Back at the office, he’d tell them that she was difficult and they’d leave her be. There were enough suckers out there. The difficult ones weren’t worth it, especially these days, when people could post their discontent online. He’d come back and check the traps when he was done for the day tomorrow, write her a bill for the service.

In the late dusk, Mrs. Monroe didn’t seem as tough as she’d appeared inside. She cast a worried glance back at the house, holding the paperwork he’d handed her.

“Don’t worry, Mrs. Monroe. I’ll get rid of whatever you have up there.”

She gave a little laugh. “At this age, it takes more than critters in the attic to worry me.”

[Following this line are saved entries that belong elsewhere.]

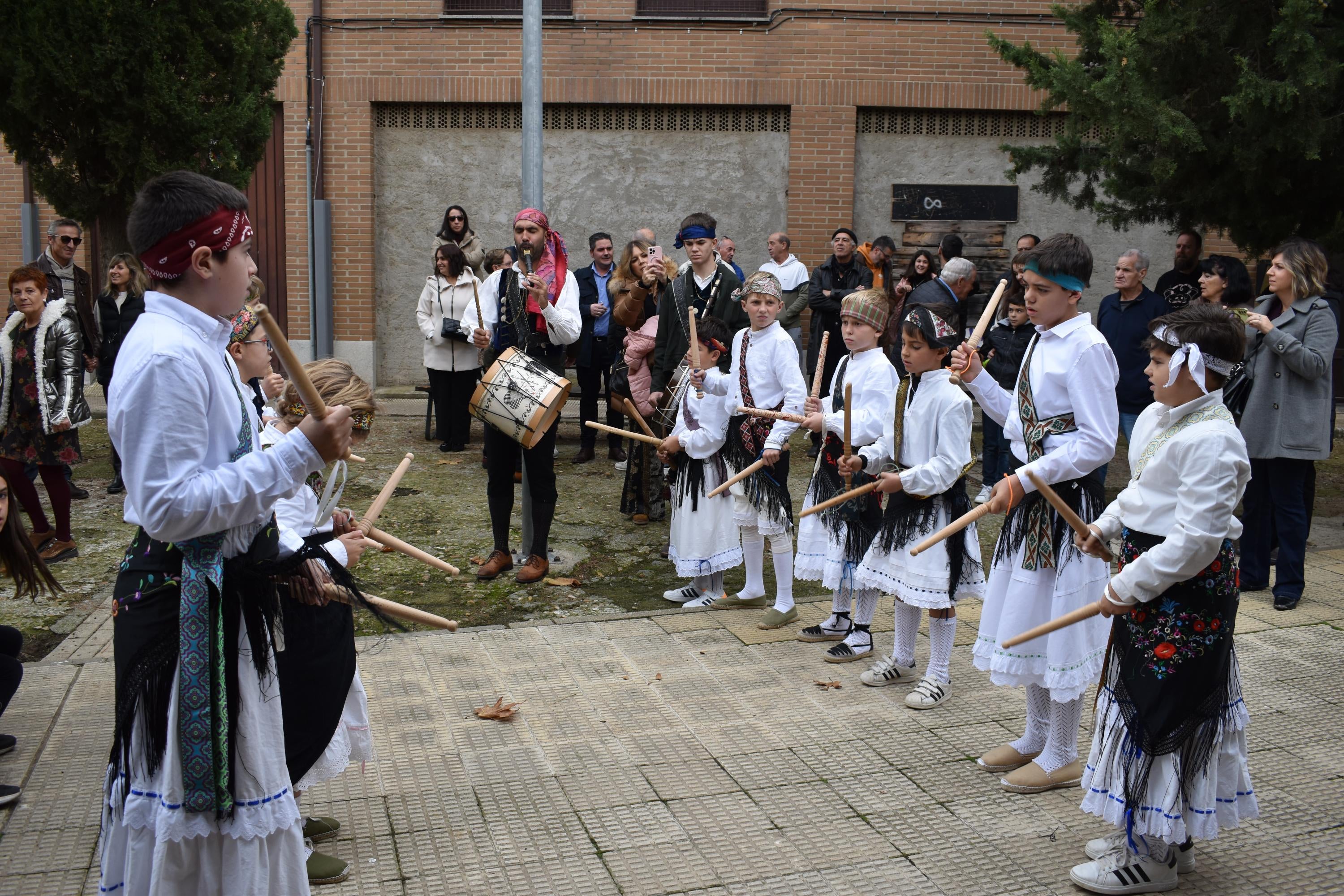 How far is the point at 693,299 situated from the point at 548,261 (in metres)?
0.95

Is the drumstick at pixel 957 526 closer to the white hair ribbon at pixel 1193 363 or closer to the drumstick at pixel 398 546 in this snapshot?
the white hair ribbon at pixel 1193 363

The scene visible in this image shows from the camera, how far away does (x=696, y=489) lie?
623cm

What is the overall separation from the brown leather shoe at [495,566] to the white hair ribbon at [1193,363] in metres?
4.31

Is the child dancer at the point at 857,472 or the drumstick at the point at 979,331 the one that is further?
the child dancer at the point at 857,472

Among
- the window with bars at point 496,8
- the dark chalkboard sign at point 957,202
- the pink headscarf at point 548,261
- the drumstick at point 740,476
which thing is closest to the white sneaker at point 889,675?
the drumstick at point 740,476

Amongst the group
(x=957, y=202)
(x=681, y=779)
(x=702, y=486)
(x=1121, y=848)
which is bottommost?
(x=681, y=779)

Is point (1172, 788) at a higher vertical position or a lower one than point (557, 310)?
lower

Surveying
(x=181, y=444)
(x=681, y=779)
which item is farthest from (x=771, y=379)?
(x=181, y=444)

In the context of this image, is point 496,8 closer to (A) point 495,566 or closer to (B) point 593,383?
(B) point 593,383

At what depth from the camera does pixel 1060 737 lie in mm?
4160

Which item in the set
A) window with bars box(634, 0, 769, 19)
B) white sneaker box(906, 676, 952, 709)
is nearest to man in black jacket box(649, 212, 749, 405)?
white sneaker box(906, 676, 952, 709)

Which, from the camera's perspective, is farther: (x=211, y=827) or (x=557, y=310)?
(x=557, y=310)

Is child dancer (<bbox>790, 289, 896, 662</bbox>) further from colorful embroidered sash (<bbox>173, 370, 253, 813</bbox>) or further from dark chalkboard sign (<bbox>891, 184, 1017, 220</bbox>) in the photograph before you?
dark chalkboard sign (<bbox>891, 184, 1017, 220</bbox>)

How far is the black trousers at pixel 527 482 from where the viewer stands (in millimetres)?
6734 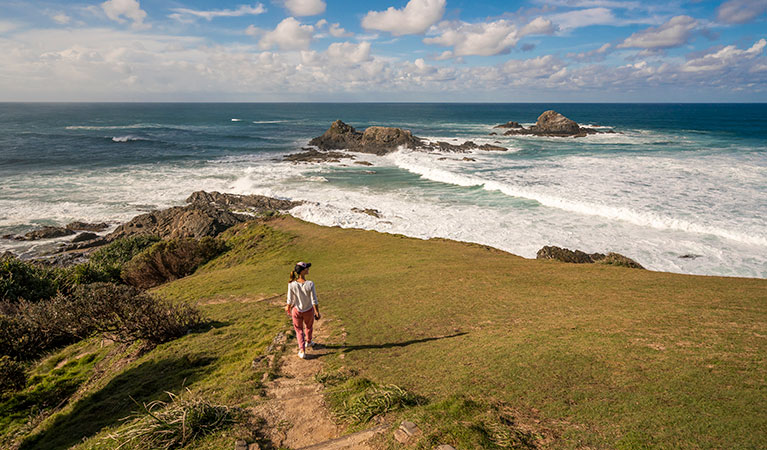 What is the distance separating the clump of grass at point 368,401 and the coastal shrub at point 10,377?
21.2 ft

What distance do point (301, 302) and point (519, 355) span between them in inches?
157

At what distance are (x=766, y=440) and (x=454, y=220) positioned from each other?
24634mm

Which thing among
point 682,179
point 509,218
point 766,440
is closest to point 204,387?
point 766,440

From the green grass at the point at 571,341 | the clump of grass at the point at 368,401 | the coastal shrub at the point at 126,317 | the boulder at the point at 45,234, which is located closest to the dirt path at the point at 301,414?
the clump of grass at the point at 368,401

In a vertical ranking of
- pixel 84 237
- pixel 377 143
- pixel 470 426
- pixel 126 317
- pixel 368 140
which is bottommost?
pixel 84 237

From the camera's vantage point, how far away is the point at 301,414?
5570 mm

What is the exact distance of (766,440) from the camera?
4309 millimetres

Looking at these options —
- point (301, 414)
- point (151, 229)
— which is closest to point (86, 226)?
point (151, 229)

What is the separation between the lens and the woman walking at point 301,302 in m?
7.29

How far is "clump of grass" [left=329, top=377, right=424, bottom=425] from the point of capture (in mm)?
5254

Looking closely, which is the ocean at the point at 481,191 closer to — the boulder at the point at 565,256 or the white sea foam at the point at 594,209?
the white sea foam at the point at 594,209

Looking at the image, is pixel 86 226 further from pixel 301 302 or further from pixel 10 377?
pixel 301 302

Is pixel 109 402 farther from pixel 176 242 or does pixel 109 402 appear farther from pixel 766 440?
pixel 176 242

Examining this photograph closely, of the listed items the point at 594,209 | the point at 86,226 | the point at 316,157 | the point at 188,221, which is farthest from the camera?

But he could tell it was bravado. In the rearview mirror, she was just a tiny, frail shadow in the gloaming.

5

Maggie found the house dark and quiet. She closed the door that led from her office suite to her home and locked it, feeling a familiar mingling of relief and a mild flutter of nervousness. Closing this door and turning the dead bolt was something she made sure she did at the end of every day, a way of leaving her work behind. Some days this was easier than others. It was a door that she discouraged Jones and Ricky from walking through. They were to call her on the phone if they needed her. And they, surprisingly, respected that-though Ricky was not above pounding on the door when he’d seen a client drive away and knew there wasn’t another patient inside.